The Ministry of Foreign Affairs has included cooperation in new energy and carbon pricing within the seven pillars of the Rongbang Initiative of comprehensive diplomacy based on Taiwan’s strategic advantages. Peng states, “Some industries are coming under pressure due to the 2050 net-zero carbon emissions goal, but international carbon credit transactions are booming. For example, our diplomatic allies Paraguay and Guatemala have great potential for a carbon credit system.” Through inter-ministerial integration, public-private partnerships, and transnational cooperation, crises can turn into opportunities. “Taiwan can not only achieve sustainable development, but also contribute to the world.”
In the past, businesses were concerned that carbon pricing could lead to cost inflation. However, the green economic strategy could drive up to NT$100 billion in investment and create trillions in output, allowing Taiwan to transition to net-zero while still elevating its economy.

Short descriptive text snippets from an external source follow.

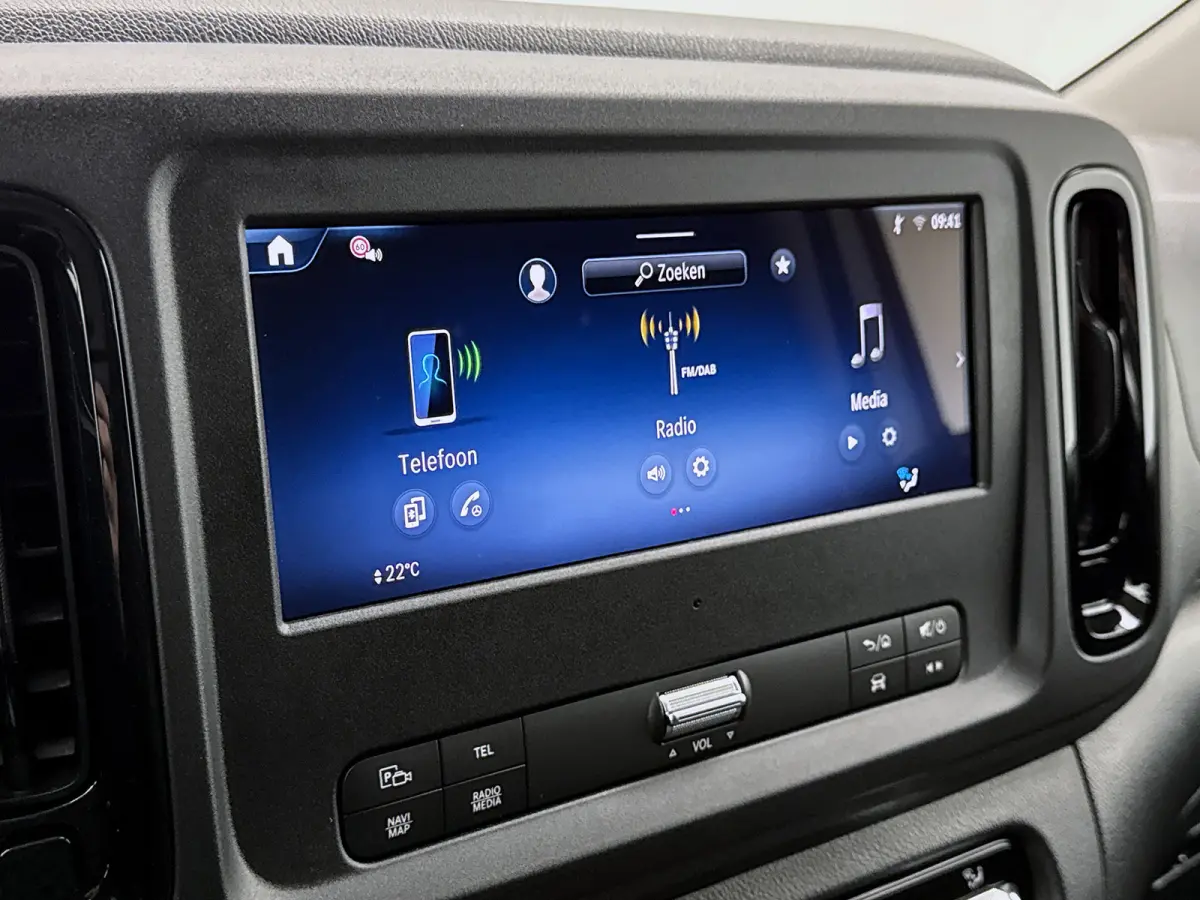 116 CDI L2 Pro Multibeam Led Trekhaak Carplay Parkeerpakket Stoelverwarming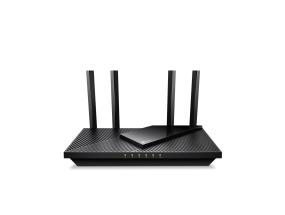 Langaton reititin TP-LINK Langaton reititin 3000 Mbps Wi-Fi 6 IEEE 802.11a IEEE 802.11 b/g IEEE 802...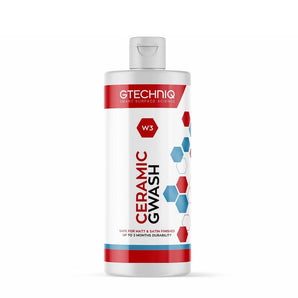 GTECHNIQ W3 CERAMIC GWASH 500ML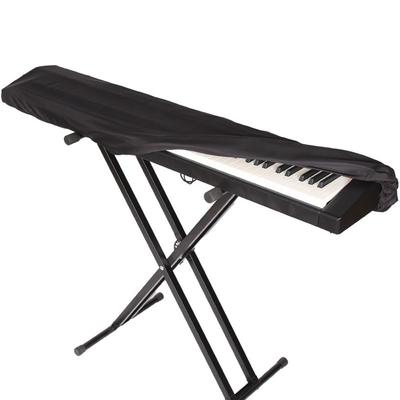 61/88 Keys Keyboard Cover Drawstring Piano Protective Cover Durable Electronic Piano Dust Cover
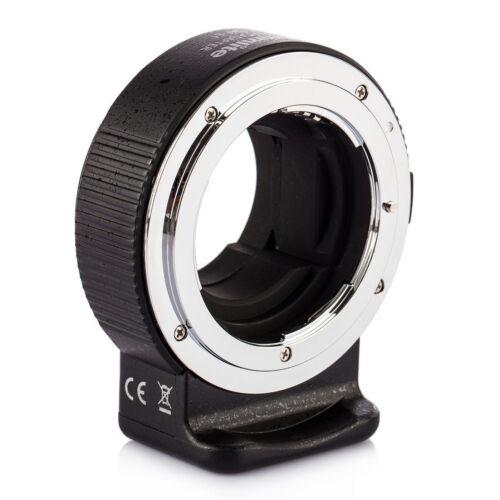 Commlite CM-ENF-E1 PRO Auto Focus Lens Adapter for Nikon F lens to Sony E  mount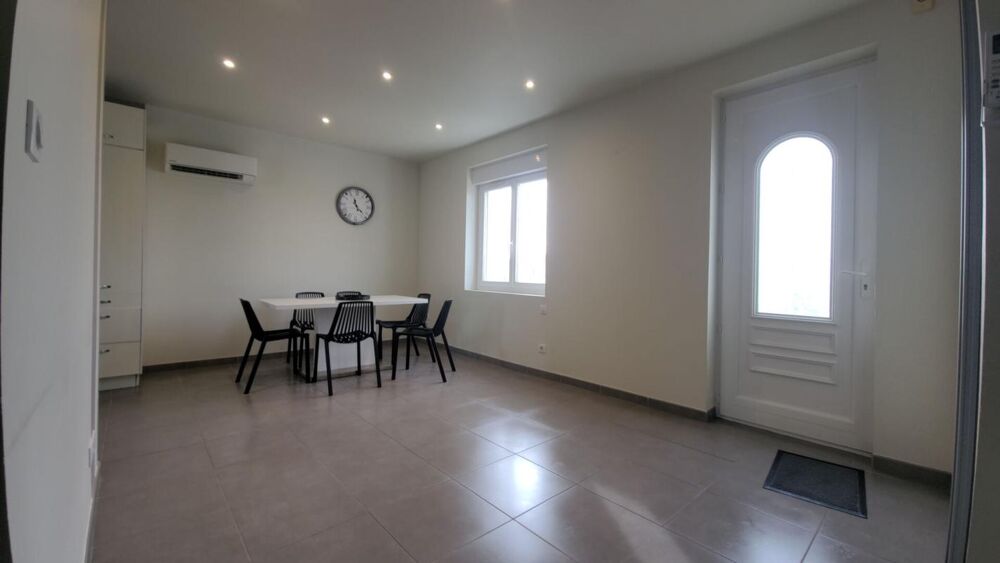 Maison Saint Vincent Sur Jard 4 pièces 72 m2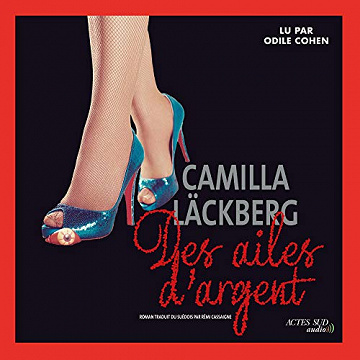 Des ailes d'argent - Camilla Läckberg (2020)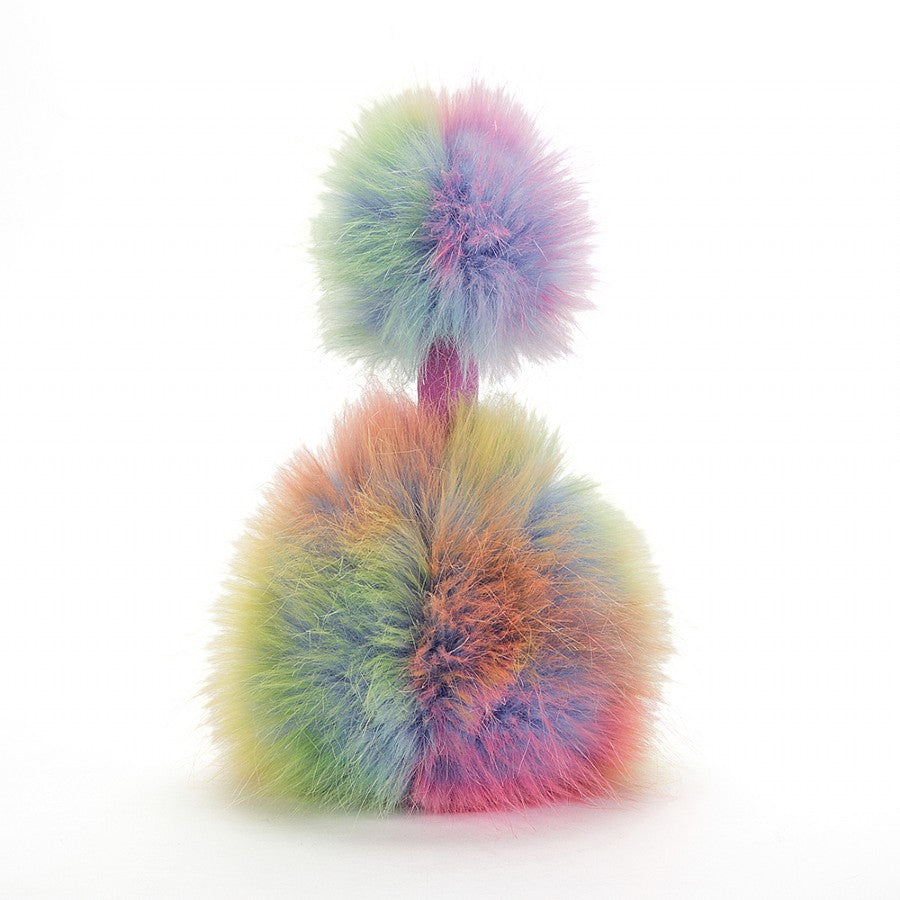 Rainbow Pom Pom Stuffed Animals Jellycat  Paper Skyscraper Gift Shop Charlotte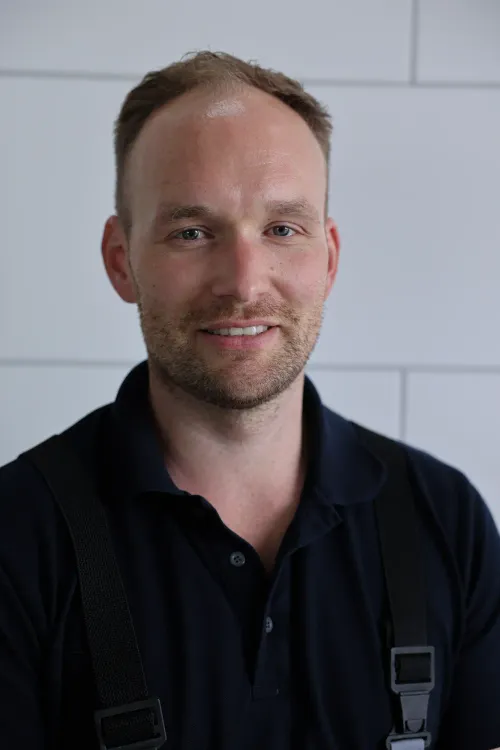 Portrait von Sebastian Betsch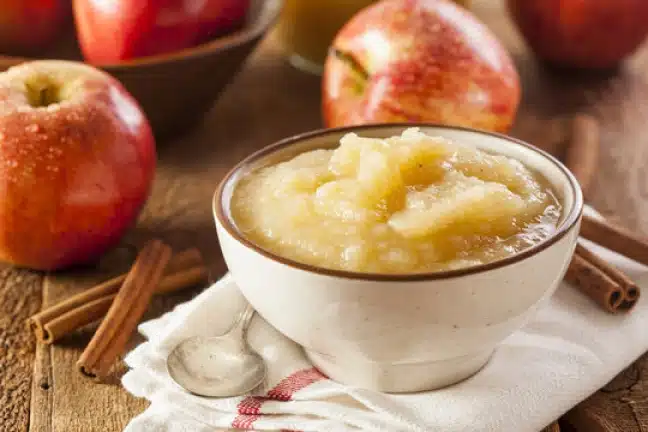 applesauce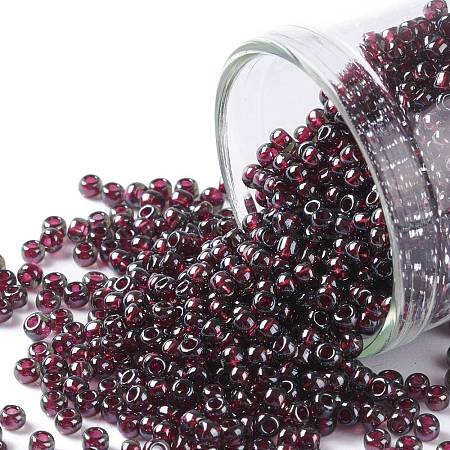 TOHO Round Seed Beads SEED-JPTR11-0364-1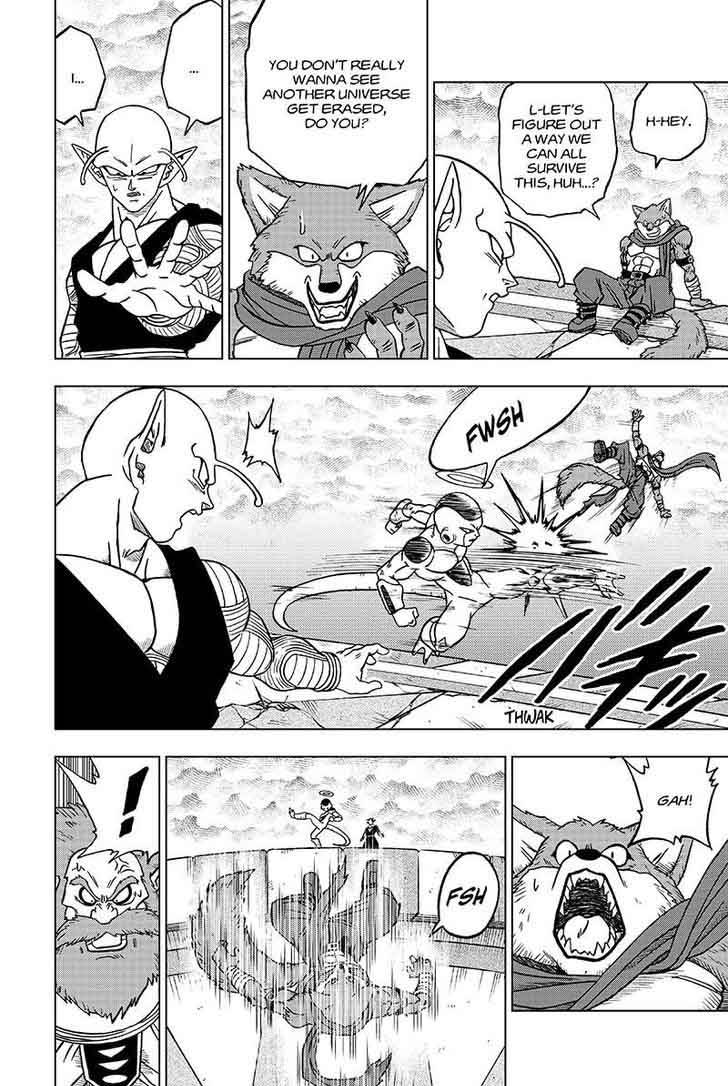 Dragon Ball Super 34 40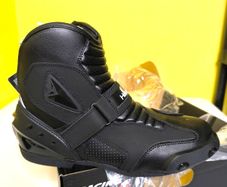 Husar (Polish Brand) Motorbike Boots Size 11(45) - New in Box -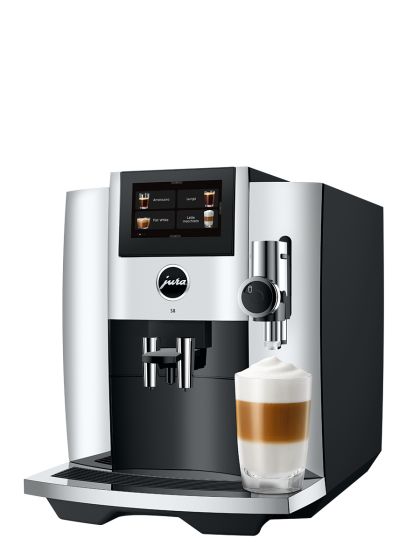 Jura S8 Coffee Machine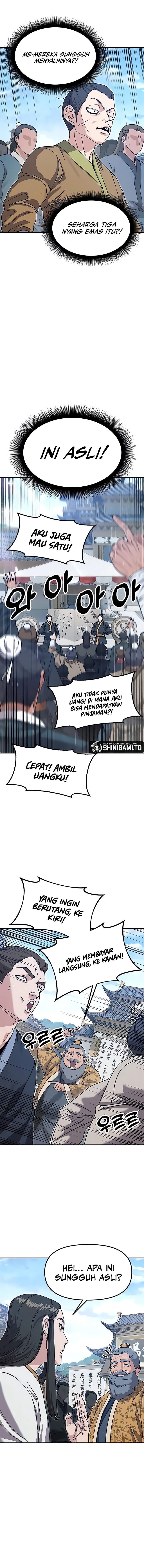 Chronicles of the Lazy Sovereign Chapter 45 - halaman 17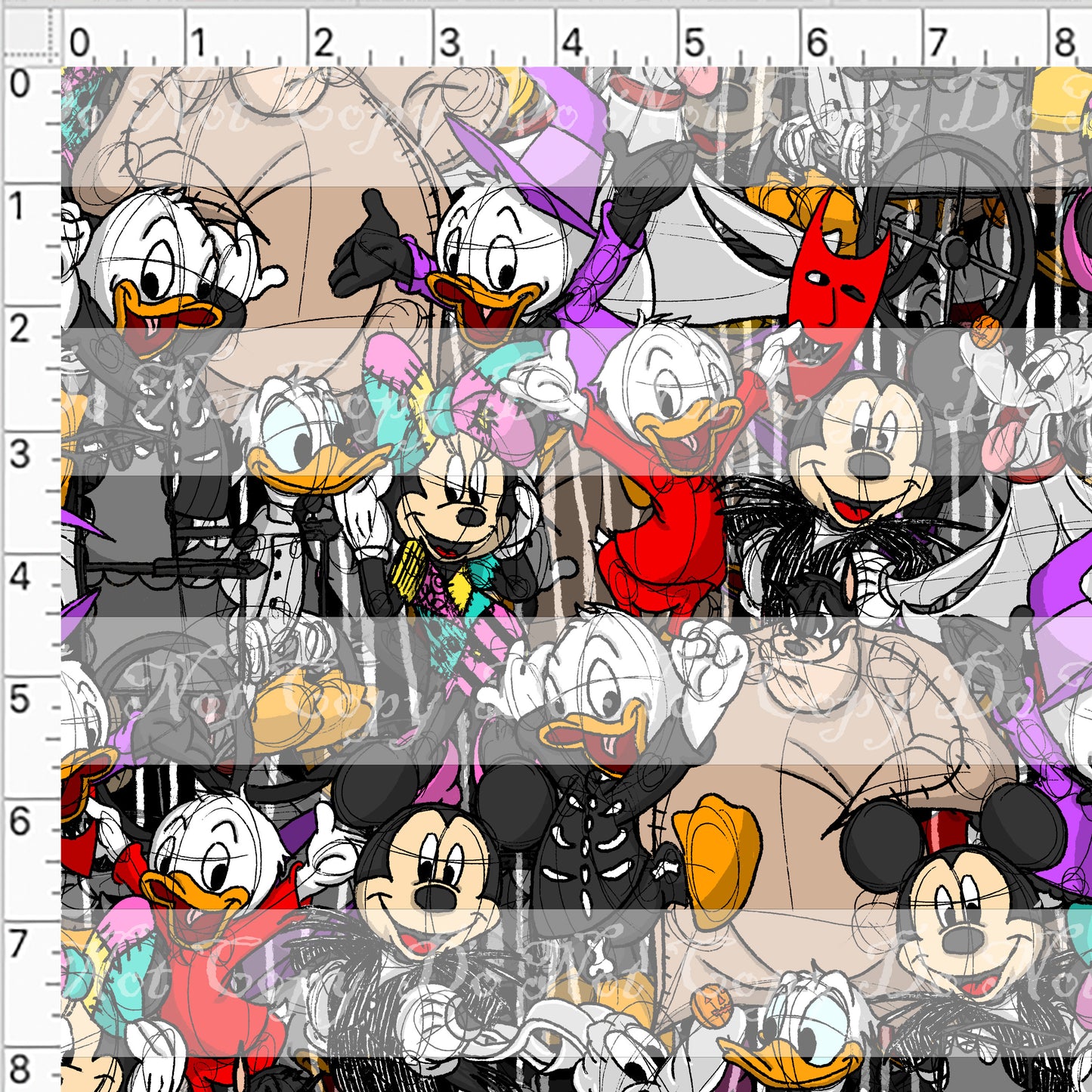 Preorder R37 - NBC Mouse Town- Regular Scale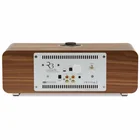 Bezvadu skaļrunis Ruark R3S DAB/FM Radio Rich Walnut
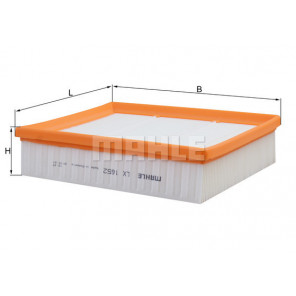 MAHLE Luftfilter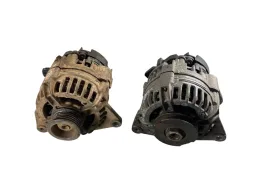Alternador Ka Fiesta Courier 1.0 1.6 Zetec 2000 a 2014 DETAL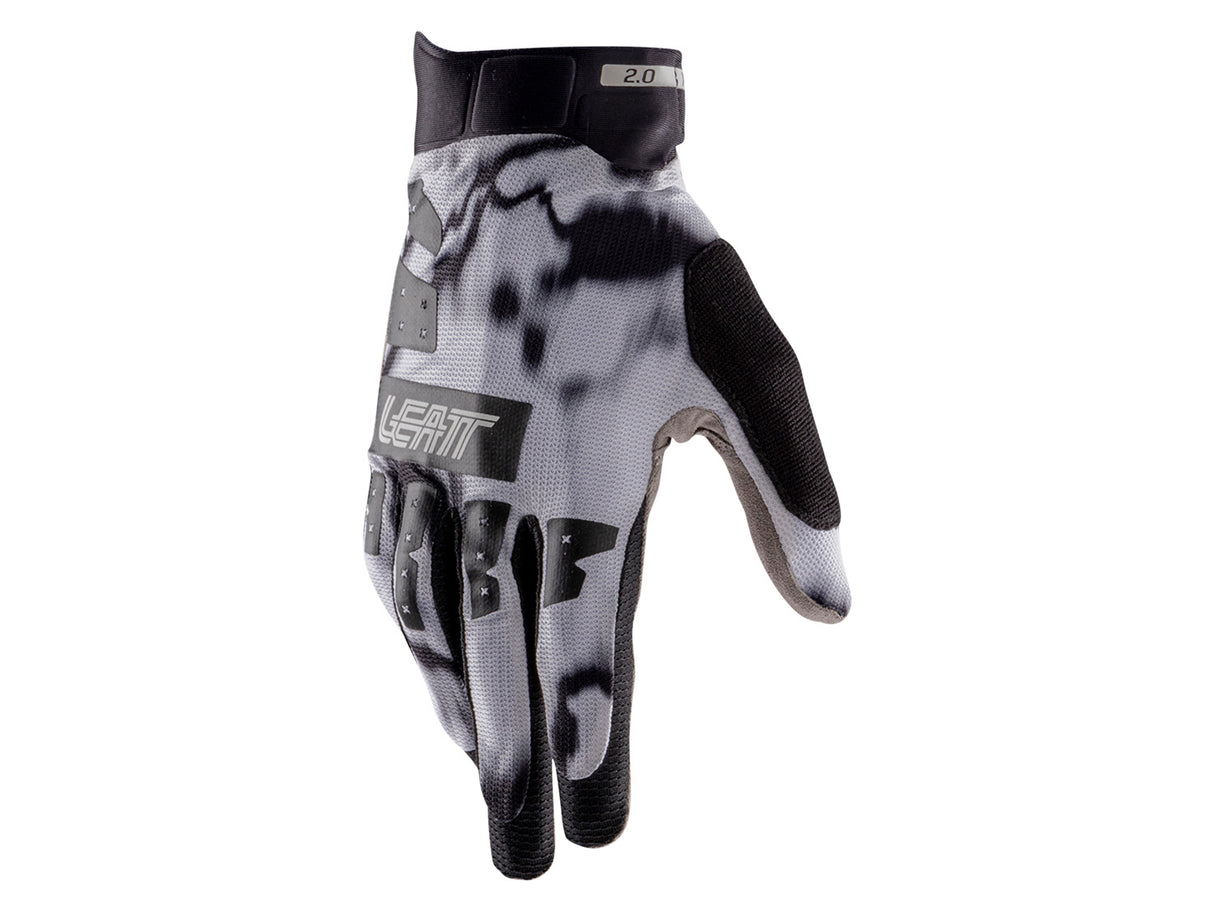 Handschuh MTB 2.0 X-Flow - Heatmap White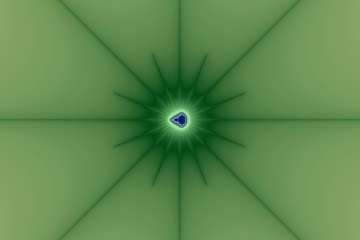 mandelbrot fractal image named aloe vera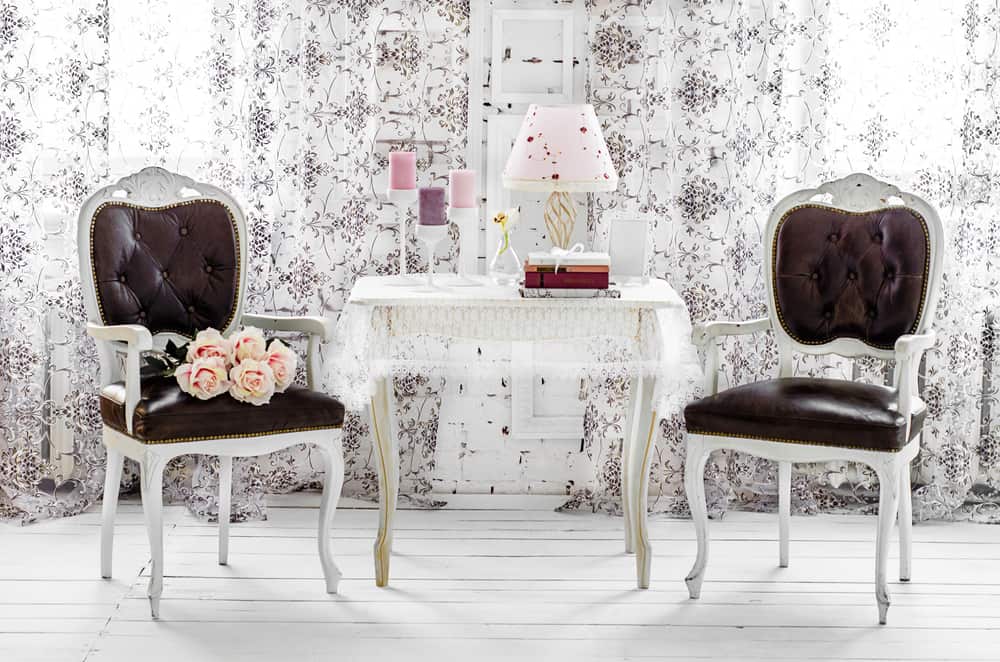 Shabby-Chic Interior Design Guide: Photo Examples & Ideas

20 years of financial entrepreneurship
Coming from the private sector, Peng said that when he started his business more than twenty years ago, he wanted to develop weather derivatives with banks and financial institutions, protecting against low risk, high incidence events. For instance, last year’s warm North American winter, five degrees warmer than average, caused heating consumption to decrease, leading to surplus coal and gas reserves. Moreover, heavy summer rains in Kansai, Japan hurt amusement parks, hotels, and airline businesses. Traditional insurers do not compensate such losses, so a market exists for climate futures and options.
Travel agencies offering cherry blossom viewing tours suffer heavy losses due to sudden changes in temperature. Products like weather derivatives can offset the financial risks some companies face in extreme climates when it gets too hot or cold, and Peng hopes to develop them in Taiwan. However, Taiwan’s financial industry might still be too conservative, preventing such ideas from being applied.
Now, as Environmental Minister, Peng still has these ideas. He often meets with Chairman Peng Jin-lung of the FSC, Chainman Liu Jing-qing of the NDC, and Economic Minister Kuo Chih-hui, discussing breaking barriers between different ministries, and asking what green financial products they would like to see. “Maybe we are not pioneers,” he says, “but we could be good followers, reducing the chance of mistakes.”
As for why it is better to implement carbon pricing and reduce emissions as early as possible, Peng compares carbon emissions to a person’s weight. If you don’t take your BMI seriously until you turn 60, the costs of losing weight will be higher. Losing weight requires less investment and can achieve faster results at a younger age.